Effects of Smartphone Design on Website Usability

mobile design usability

Internet traffic from tablets and smartphones recently surpassed traffic from traditional computers, so it should come as no surprise that smartphone design is playing an increasingly significant role on website usability. Smaller screen sizes demanded a simplified, smoother, and more accessible browsing experience, and it turns out this is also exactly what desktop and laptop users prefer as well.

Here are some of the ways smartphone design has influenced website usability today:

Flat Design

Picture your computer’s address book; or your iPhone’s calendar; or your iPad’s newstand.  All of these things are manufactured to appear just like their real life counterparts. Yet do we really need all of these visual prompts and additional details? Advocators of flat design certainly don’t think so.
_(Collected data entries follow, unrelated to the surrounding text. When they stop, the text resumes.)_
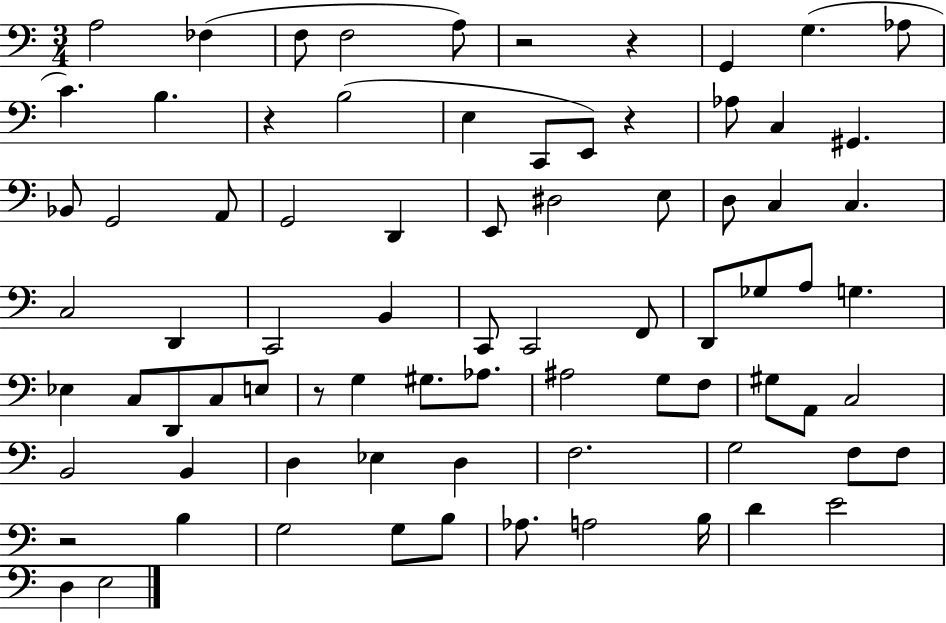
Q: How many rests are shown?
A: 6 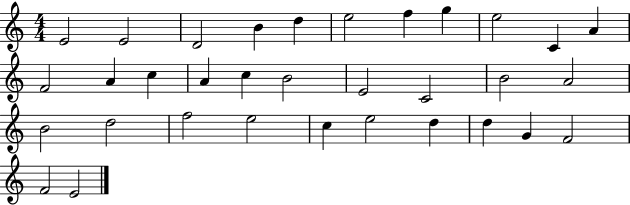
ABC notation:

X:1
T:Untitled
M:4/4
L:1/4
K:C
E2 E2 D2 B d e2 f g e2 C A F2 A c A c B2 E2 C2 B2 A2 B2 d2 f2 e2 c e2 d d G F2 F2 E2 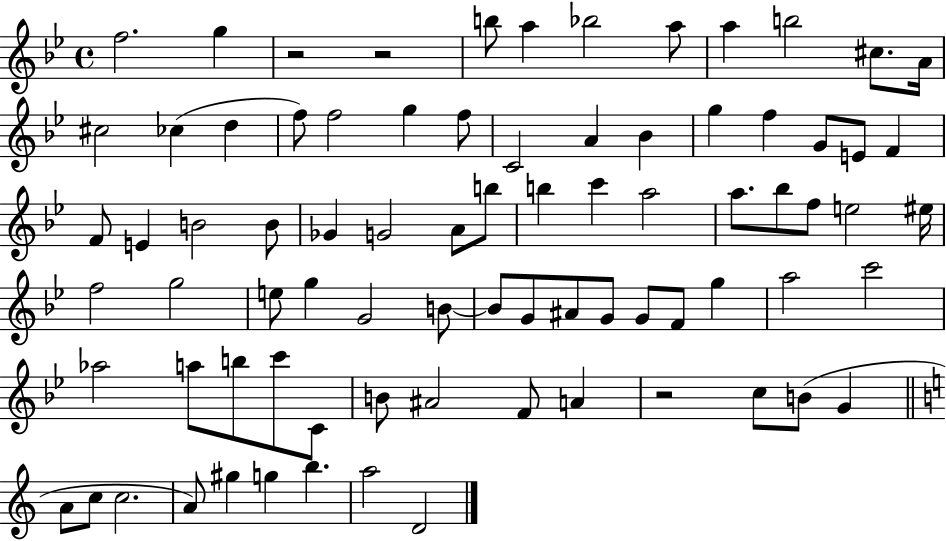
X:1
T:Untitled
M:4/4
L:1/4
K:Bb
f2 g z2 z2 b/2 a _b2 a/2 a b2 ^c/2 A/4 ^c2 _c d f/2 f2 g f/2 C2 A _B g f G/2 E/2 F F/2 E B2 B/2 _G G2 A/2 b/2 b c' a2 a/2 _b/2 f/2 e2 ^e/4 f2 g2 e/2 g G2 B/2 B/2 G/2 ^A/2 G/2 G/2 F/2 g a2 c'2 _a2 a/2 b/2 c'/2 C/2 B/2 ^A2 F/2 A z2 c/2 B/2 G A/2 c/2 c2 A/2 ^g g b a2 D2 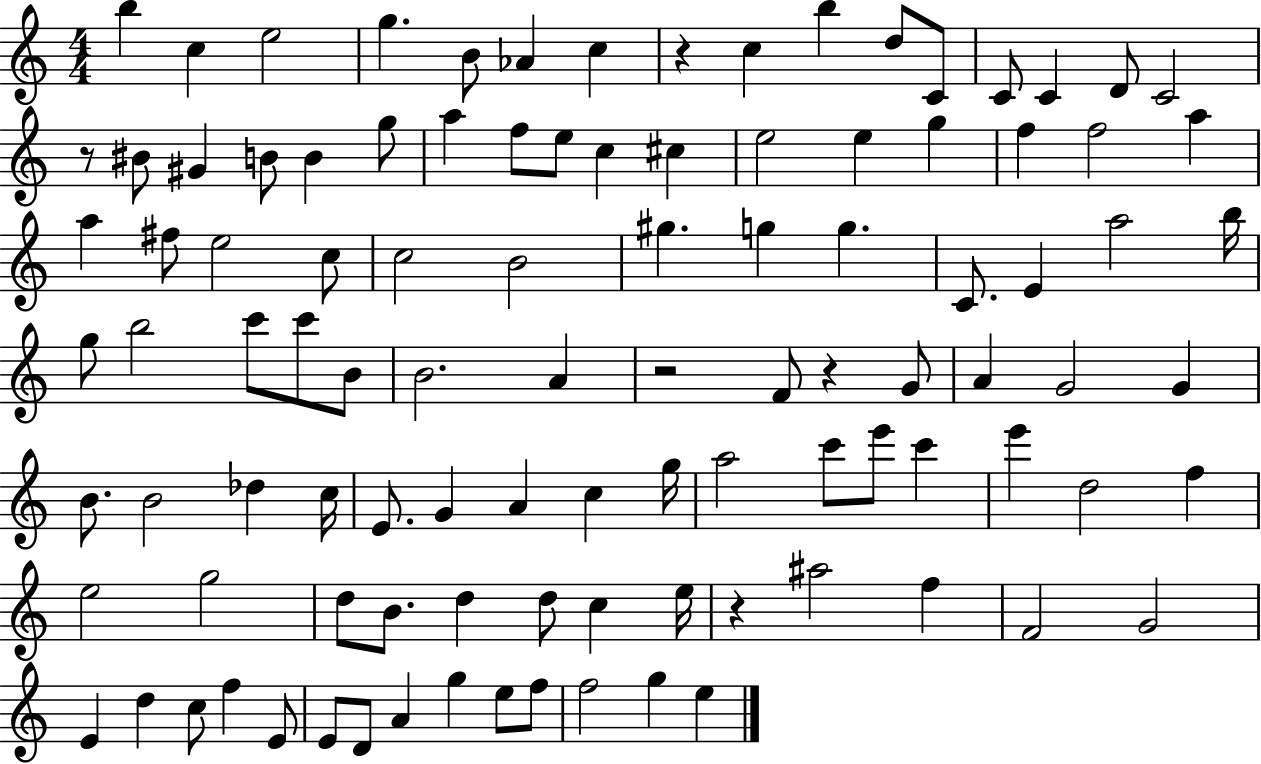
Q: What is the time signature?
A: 4/4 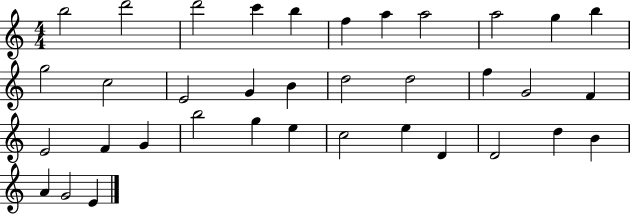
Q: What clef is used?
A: treble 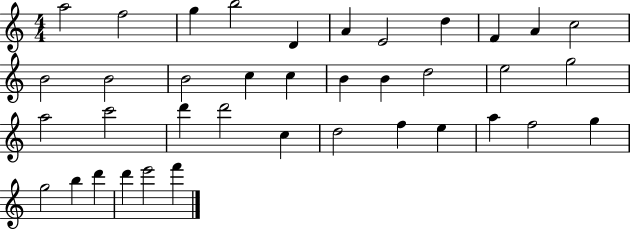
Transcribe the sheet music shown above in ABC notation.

X:1
T:Untitled
M:4/4
L:1/4
K:C
a2 f2 g b2 D A E2 d F A c2 B2 B2 B2 c c B B d2 e2 g2 a2 c'2 d' d'2 c d2 f e a f2 g g2 b d' d' e'2 f' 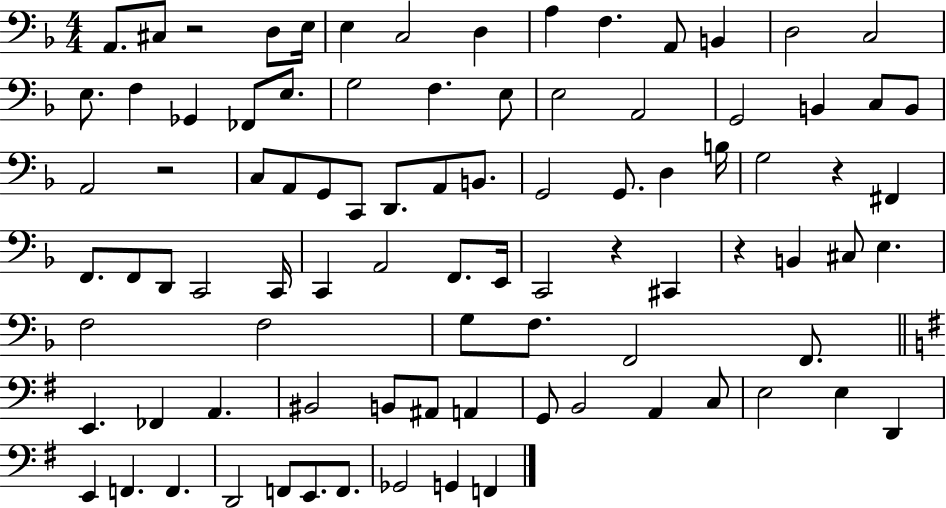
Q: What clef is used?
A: bass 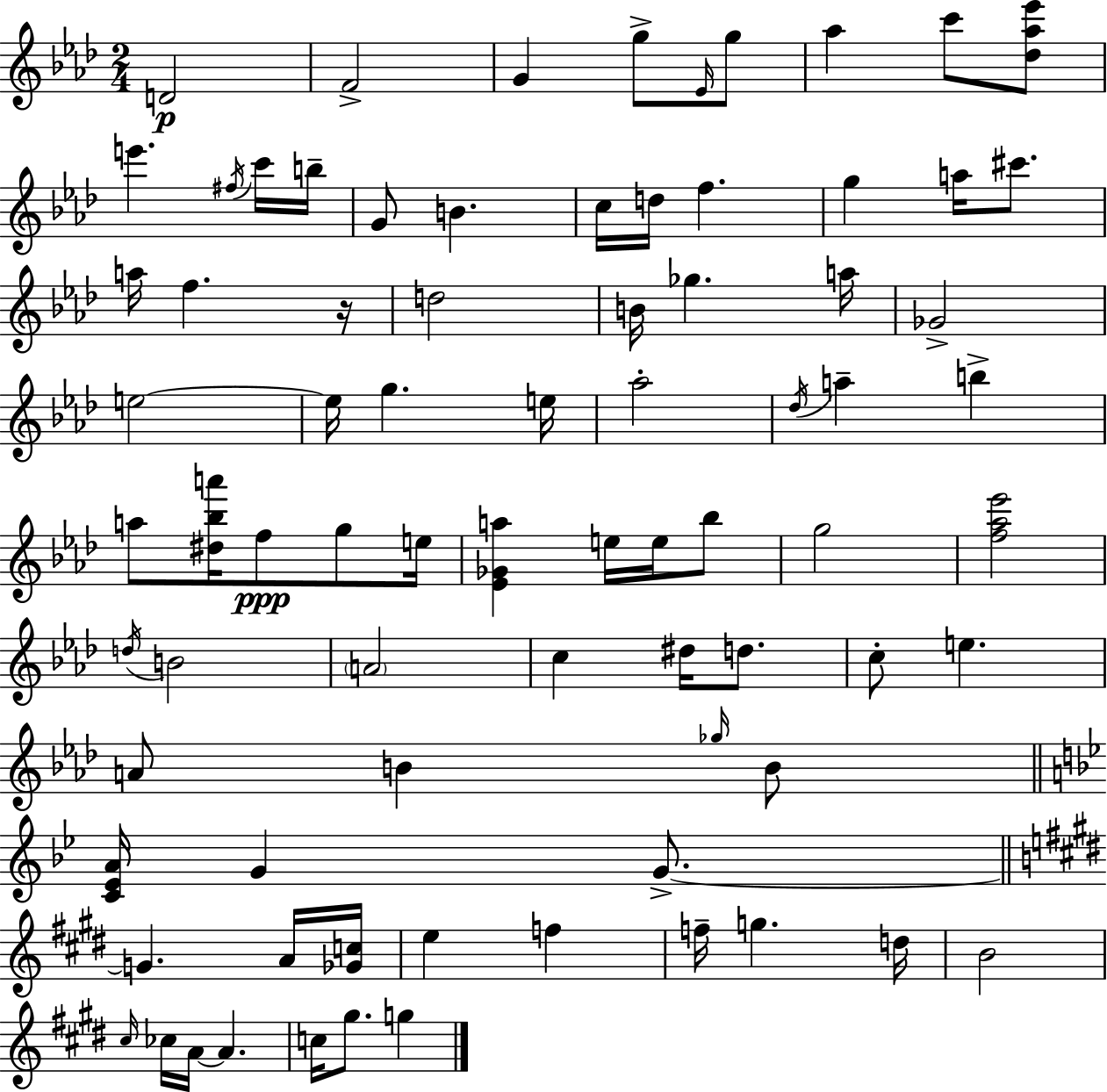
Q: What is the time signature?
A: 2/4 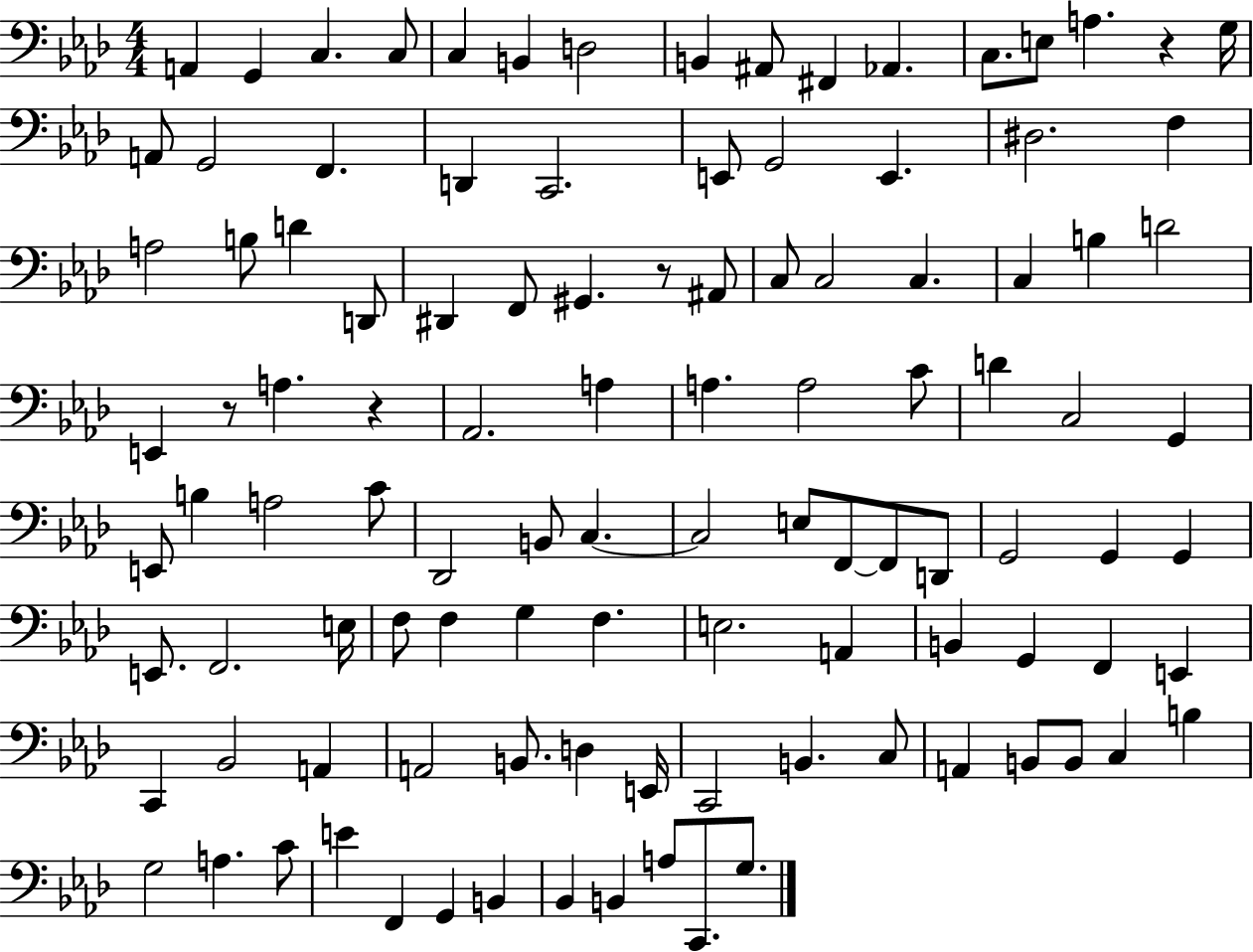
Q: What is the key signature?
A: AES major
Opting to eschew a vast myriad of gradients, shadows and textures that even the biggest smartphone screen would struggle to render, flat design leaves behind an outdated and over cluttered style in favor of a more simple aesthetic approach that is proving increasingly popular. Moving towards clean layouts, solid colours and precise typography, flat design champions the functionality and clean aesthetic required of mobile browsing.

Large Typography

In keeping with flat design, big typefaces gel with the general shift towards the simplification of website usability. They are sleek, bold and beautiful, easier to view on smaller screens, and compliment the trend towards clear headlines, vivid branding and succinctly delivered information. Demanding attention, they can be artistically appealing and bypass the need for slow loading images, photos and illustrations.

Grid Layouts

Popularised by the success of the Windows mobile operating system and websites like Pinterest, using grid-like systems to order web content has proven to be an effective method of increasing website usability. Particularly useful for responsive websites, the tile layout is entirely flexible, making it incredibly simple to alter the user experience of a website no matter what device content is viewed on.=

Simplistic Icons

The internet is becoming a lot less text-heavy as of late, with many apps and websites having almost no visible text, relying instead on icons and images alone to convey information to the user. Offbeat visual elements are aesthetically pleasing, quickly grasped and simplify navigation. They also break up tediously long bodies of text, providing the user with a brief, visually appealing reprieve. Simple, intuitive website navigation is fundamental to achieving a high standard of website usability. The fact that icons only make sense if they are universally clear forces designers to make their websites as accessible and easy to use as possible.